What You Will Need (Prerequisites)

This section gives a brief overview of what a new user to Dataworkz will need to bring to create AI Applications.

PreviousGetting StartedNextCreate with Default Settings: RAG Quickstart

Last updated 6 months ago

To get started with Dataworkz, you will need a few essential components and configurations. Here’s a breakdown of the requirements to ensure a smooth setup:

1. LLM API (Large Language Model API)

To begin processing data and leveraging Dataworkz’s capabilities, you'll need access to an LLM API. This could be from any of the following providers:

  • OpenAI

  • Amazon Bedrock

  • Azure OpenAI Service Or another compatible LLM of your choice.

Configuring the LLM will be integral to interacting with your data and utilizing the AI-powered features within Dataworkz, we do not provide any pre-configured language models.

2. Storage Setup

Dataworkz provides several storage options to handle your data.

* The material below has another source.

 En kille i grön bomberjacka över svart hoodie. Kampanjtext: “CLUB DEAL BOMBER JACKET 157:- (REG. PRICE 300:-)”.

You’ll have access to the following by default:

  • S3 Storage: Dataworkz will offer S3-compatible storage for ingesting PDF files. Keep in mind that the file size for uploads from your local machine is capped at 1MB. If you plan to upload larger files, please ensure they meet this limitation or consider setting up your own external storage for large file ingestion.

  • Vector Storage (MongoDB): The free tier includes vector storage powered by MongoDB, which is used to store text chunks, embeddings, and other relevant metadata. This will help you store and query large amounts of data efficiently.

3. Free Tier Limitations

On the free tier, there are a couple of restrictions to be aware of:

  • You can crawl up to three HTML pages via the web crawling feature. This allows you to extract data from websites, but please note that this feature is limited to three crawls per month.

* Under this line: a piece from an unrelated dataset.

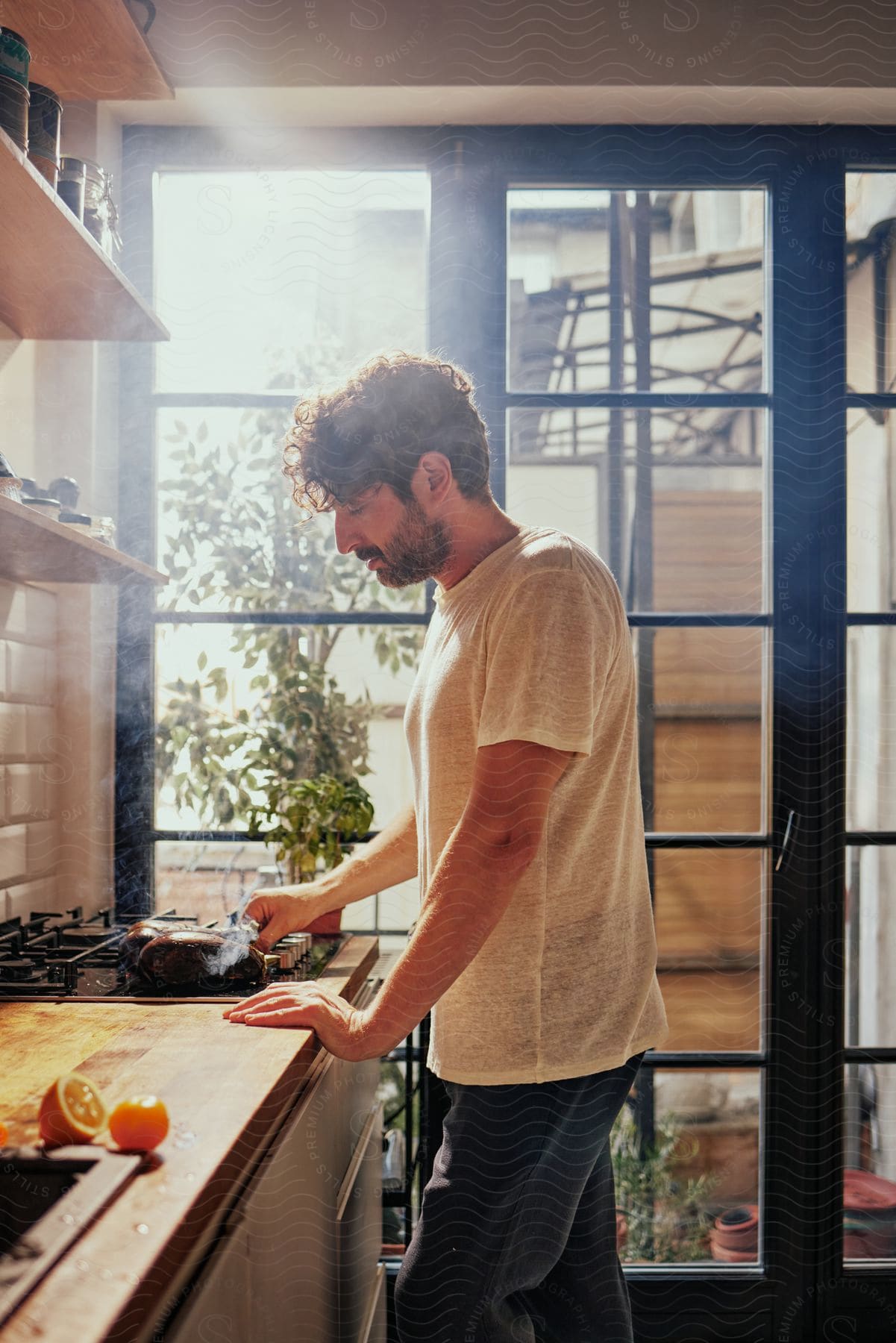 A man is cooking something on the stove on a sunny day.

4. Important Notes on Storage and Data Privacy

While Dataworkz provides a "Default" workspace for you to store and manage data (including PDFs and vectors), we recommend against uploading proprietary or sensitive files into the default workspace until you’ve set up your own vector storage and object storage solution (such as S3, GCS, or another cloud storage provider). This will help ensure the privacy and security of your files and data.

Once you’ve configured your own storage and vector setup, you can migrate or upload your proprietary files and adjust the workspace settings accordingly.